» WHAT IS EXPECTED
Restate the full listing word for word and leave the pictures out.

» COLLECTED DATA
╔══
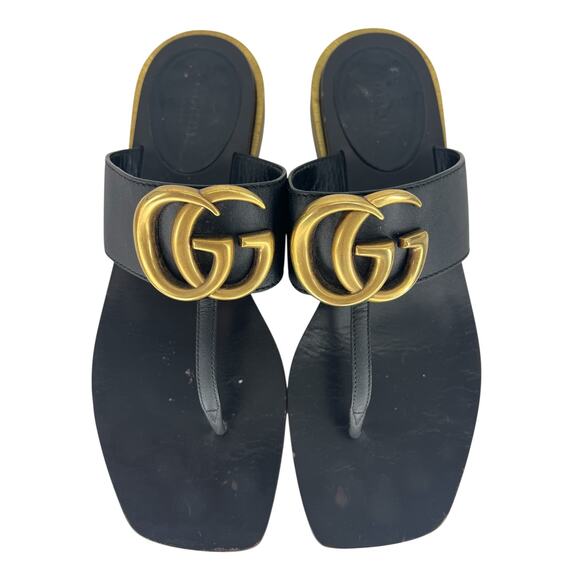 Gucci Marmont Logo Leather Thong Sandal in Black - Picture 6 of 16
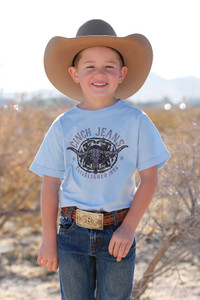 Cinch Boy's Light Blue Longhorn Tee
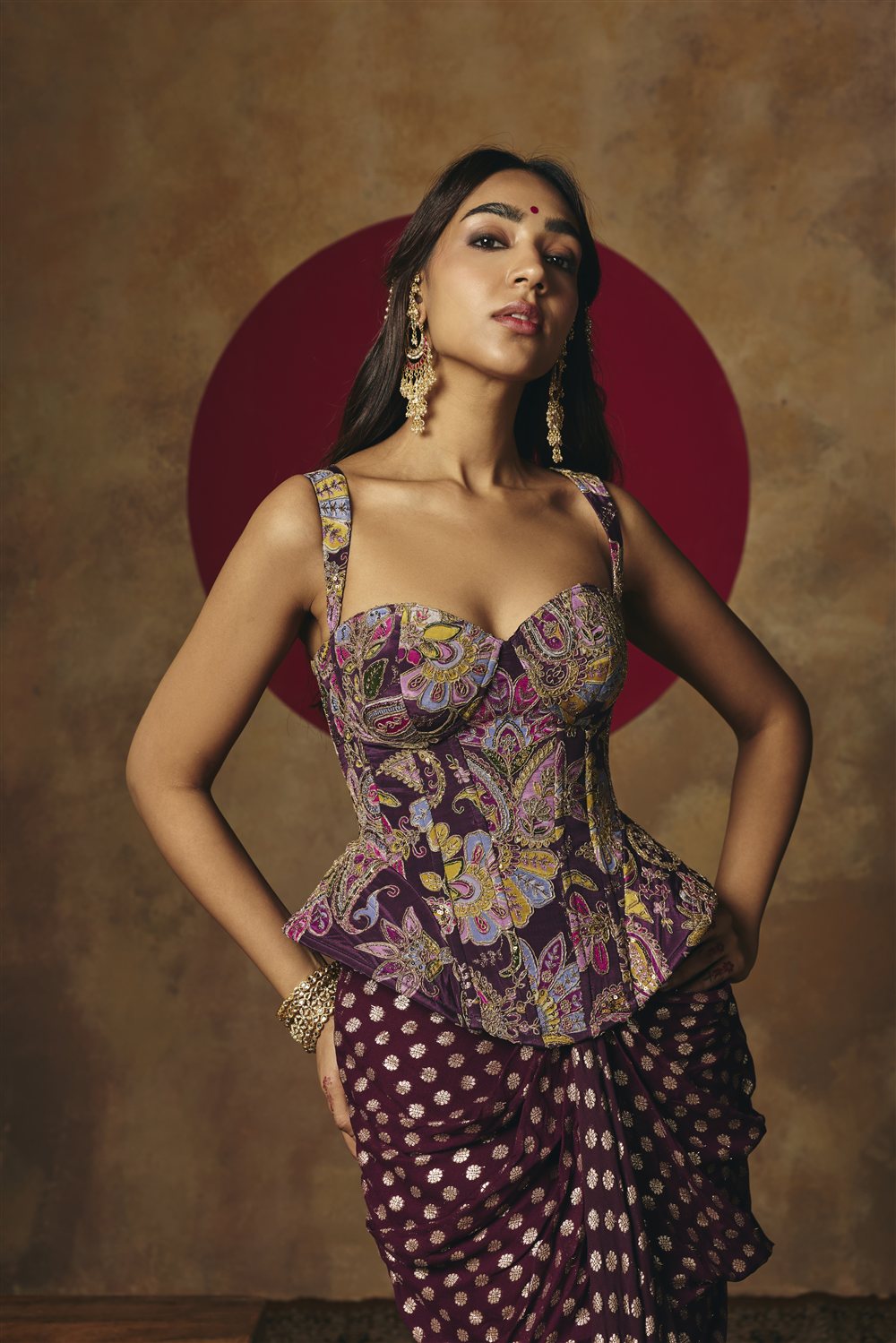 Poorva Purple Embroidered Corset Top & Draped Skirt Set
╚══
» RESULT OF THIS EXERCISE
 Gucci Marmont Logo Leather Thong Sandal in Black - Picture 6 of 16
 Cinch Boy's Light Blue Longhorn Tee
 Poorva Purple Embroidered Corset Top & Draped Skirt Set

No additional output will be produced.